String default_revcomp_barcode_column = "barcode_2"
command <<<
set -ex -o pipefail
# find N% memory
mem_in_mb=$(/opt/viral-ngs/source/docker/calc_mem.py mb 85)
if [ -z "$TMPDIR" ]; then
export TMPDIR="$(pwd)/tmp"
fi
mkdir -p "$TMPDIR"
echo "TMPDIR: $TMPDIR"
FLOWCELL_DIR=$(mktemp -d)
read_utils.py --version | tee VERSION
read_utils.py extract_tarball \
"~{flowcell_tgz}" $FLOWCELL_DIR \
--loglevel=DEBUG
# if we are overriding the RunInfo file, use the path of the file provided. Otherwise find the file
if [ -n "~{runinfo}" ]; then
RUNINFO_FILE="~{runinfo}"
else
# full RunInfo.xml path
RUNINFO_FILE="$(find $FLOWCELL_DIR -type f -name 'RunInfo.xml' | head -n 1)"
fi
# Parse the lane count & run ID from RunInfo.xml file
lane_count=$(xmllint --xpath "string(//Run/FlowcellLayout/@LaneCount)" $RUNINFO_FILE)
if [ -z "$lane_count" ]; then
echo "Could not parse LaneCount from RunInfo.xml.

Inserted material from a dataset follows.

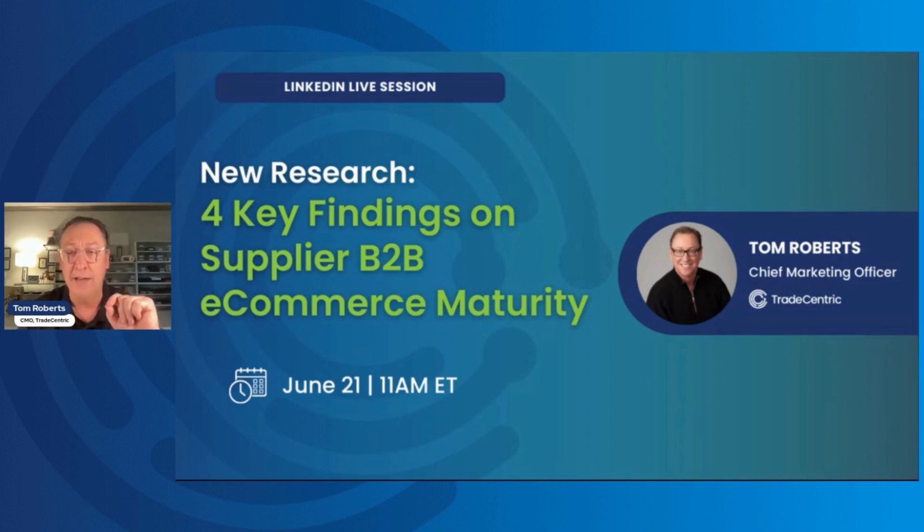In terms of housekeeping, there are two ways to ask questions. You can connect with me on LinkedIn and use LinkedIn's messaging platform to ask your question directly, or you can email info@tradecentric.com. We will do our best to get back to you with answers. Let's kick it off with the next slide.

Please check RunInfo.xml is properly formatted"
fi
surface_count=$(xmllint --xpath "string(//Run/FlowcellLayout/@SurfaceCount)" $RUNINFO_FILE)
if [ -z "$surface_count" ]; then
echo "Could not parse SurfaceCount from RunInfo.xml. Please check RunInfo.xml is properly formatted"
fi
swath_count=$(xmllint --xpath "string(//Run/FlowcellLayout/@SwathCount)" $RUNINFO_FILE)

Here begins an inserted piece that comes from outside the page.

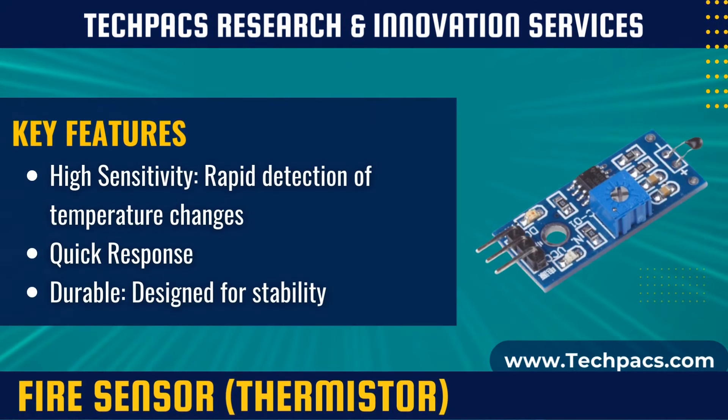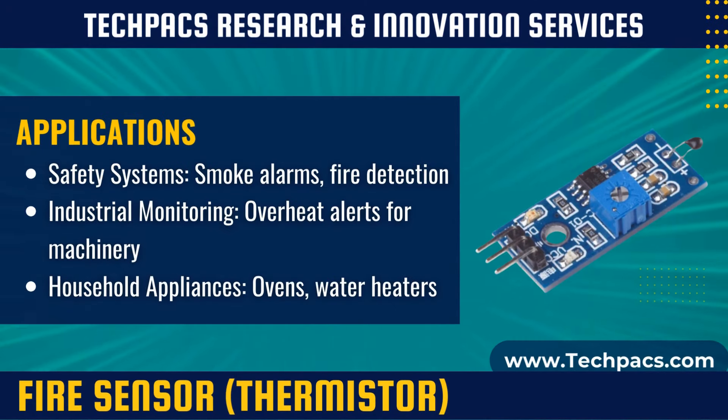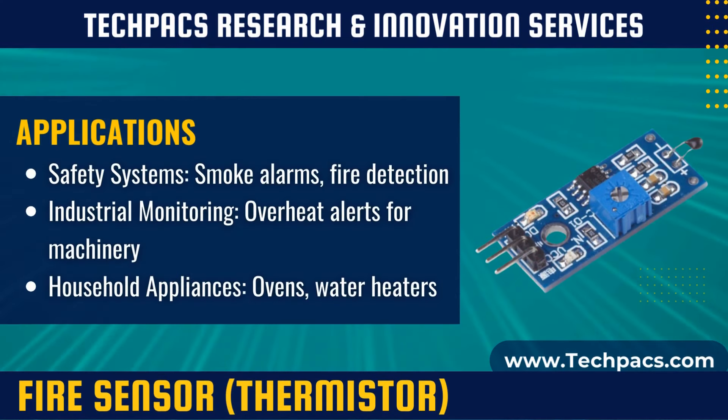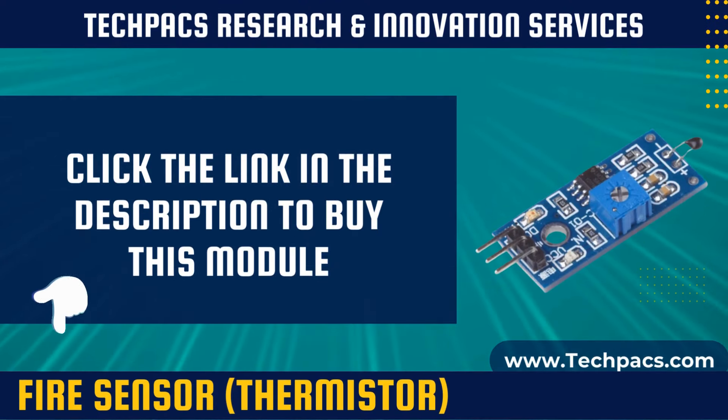Thermistors, such as those used in our fire sensors, provide critical temperature data, ensuring safety and efficiency in heat-sensitive systems. Power failure sensors are crucial for maintaining operational continuity, alerting systems to power disruptions and enabling swift responses to prevent data loss or material damage.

if [ -z "$swath_count" ]; then
echo "Could not parse SwathCount from RunInfo.xml. Please check RunInfo.xml is properly formatted"
fi
tile_count=$(xmllint --xpath "string(//Run/FlowcellLayout/@TileCount)" $RUNINFO_FILE)
if [ -z "$tile_count" ]; then
echo "Could not parse TileCount from RunInfo.xml. Please check RunInfo.xml is properly formatted"
fi
# total data size more roughly tracks total tile count
total_tile_count=$(( ${lane_count:-1} * ${surface_count:-1} * \
${swath_count:-1} * ${tile_count:-1} ))
demux_threads="$(nproc --all)"
if [ "$total_tile_count" -le 2 ]; then
echo "Detected $total_tile_count tiles, interpreting as MiSeq nano run."
elif [ "$total_tile_count" -le 8 ]; then
echo "Detected $total_tile_count tiles, interpreting as MiSeq micro run."
elif [ "$total_tile_count" -le 16 ]; then
echo "Detected $total_tile_count tiles, interpreting as iSeq run."
elif [ "$total_tile_count" -le 28 ]; then
echo "Detected $total_tile_count tiles, interpreting as MiSeq run."
elif [ "$total_tile_count" -le 38 ]; then
echo "Detected $total_tile_count tiles, interpreting as MiSeq run."
elif [ "$total_tile_count" -le 128 ]; then
echo "Detected $total_tile_count tiles, interpreting as HiSeq2k run."
elif [ "$total_tile_count" -le 132 ]; then
echo "Detected $total_tile_count tiles, interpreting as NextSeq 2000 P2 run."
elif [ "$total_tile_count" -le 264 ]; then
echo "Detected $total_tile_count tiles, interpreting as NextSeq 2000 P3 run."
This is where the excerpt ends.